Faithful quantum state preparation at 42 GHz acoustic frequency

High state-preparation fidelities comparable to existing schemes

Potential for multi-phonon entanglement and quantum state transfer

Abstract

Acoustic control and coupling of quantum systems via phonons can enable miniaturized quantum technology devices for on-chip integration. Optically active quantum dots (QDs) are essential for such platforms, yet they have long lacked direct acoustic transitions between charge states. The recently proposed hybrid acousto-optical swing-up scheme introduces such high-fidelity transitions but has been proposed for sub-THz phonon frequencies, limiting practical implementations.
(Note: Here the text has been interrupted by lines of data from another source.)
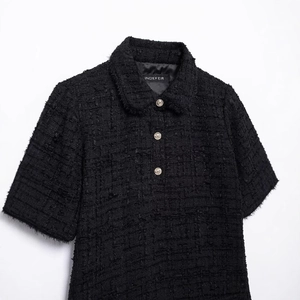 Chic black tweed short-sleeve dress with elegant gold buttons and fringe details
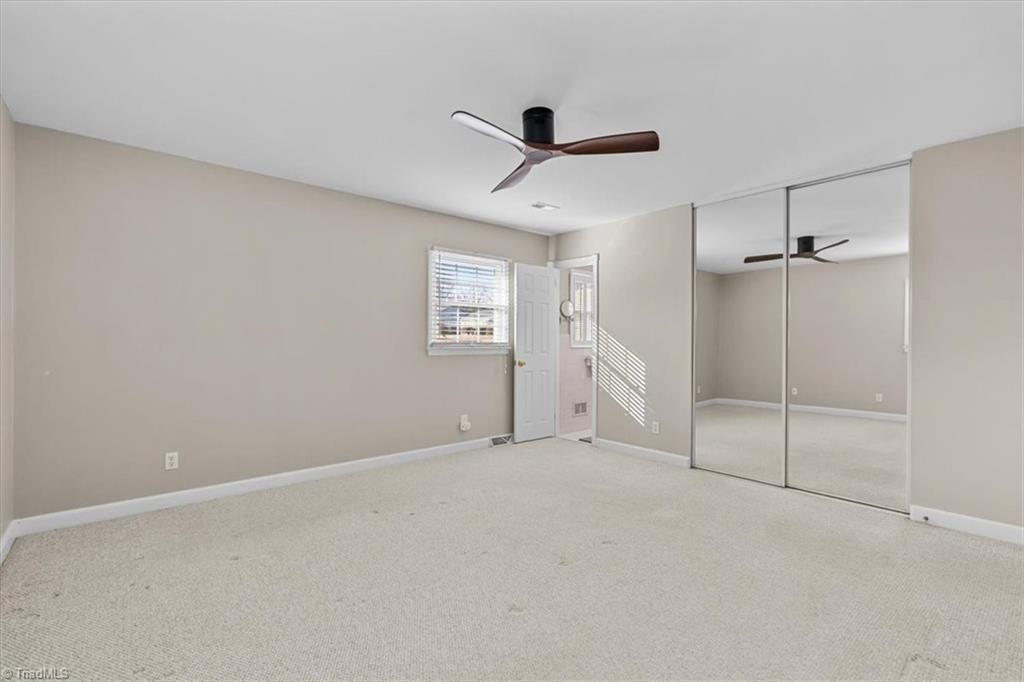 4511 Graham Road Greensboro, NC 27410 - Photo 27 of 49 Primary Bedroom with large closet and ensuite bath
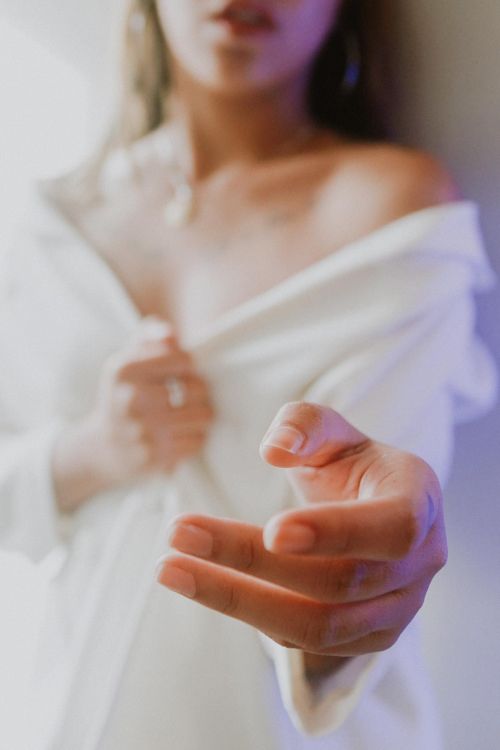 Free Close-up of a woman's hand reaching out in a fashion pose, wearing a white shirt. Soft and artistic touch. Stock Photo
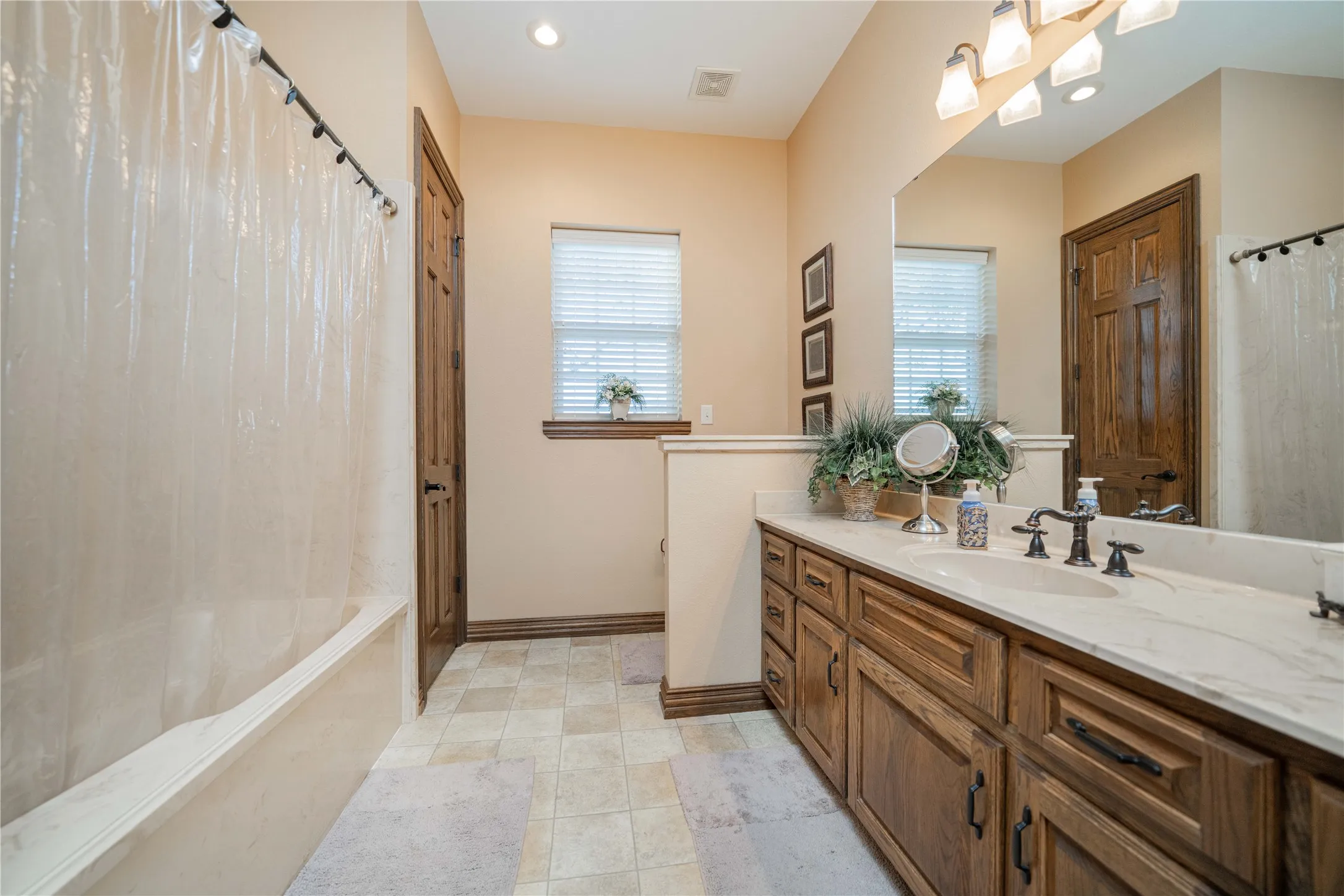 Bathroom featuring a long wood-finish vanity with dual sinks and a light-colored countertop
Here, we overcome this limitation by exploiting higher-harmonic-assisted processes arising from strain-induced modulation of the optical transition energy. This parametric modulation of the optically dressed splitting produces multi-phonon-like resonances when a harmonic of the mechanical modulation matches the generalized Rabi frequency. We predict faithful state preparation with an acoustic frequency that is only a fraction of this splitting, specifically 42 GHz for a 0.341 THz splitting, thereby bridging control at accessible acoustic frequencies with the THz energy scales. In doing so, we establish control principles that separate optical energy delivery from coherent acoustic control. We complement numerical simulations with an effective model and a geometric interpretation. Evaluation of phonon-induced decoherence within a non-Markovian framework indicates high state-preparation fidelities, comparable to one-phonon and all-optical schemes. Potential applications extend beyond QD charge state preparation. Since the same interaction structure arises for a quantized acoustic field, our results provide a foundation for multi-phonon processes in QDs coupled to phononic resonators, including QD-phonon entanglement, state transfer, and the optical preparation of nonclassical multi-phonon states in quantized acoustic modes, all essential for future on-chip quantum technologies.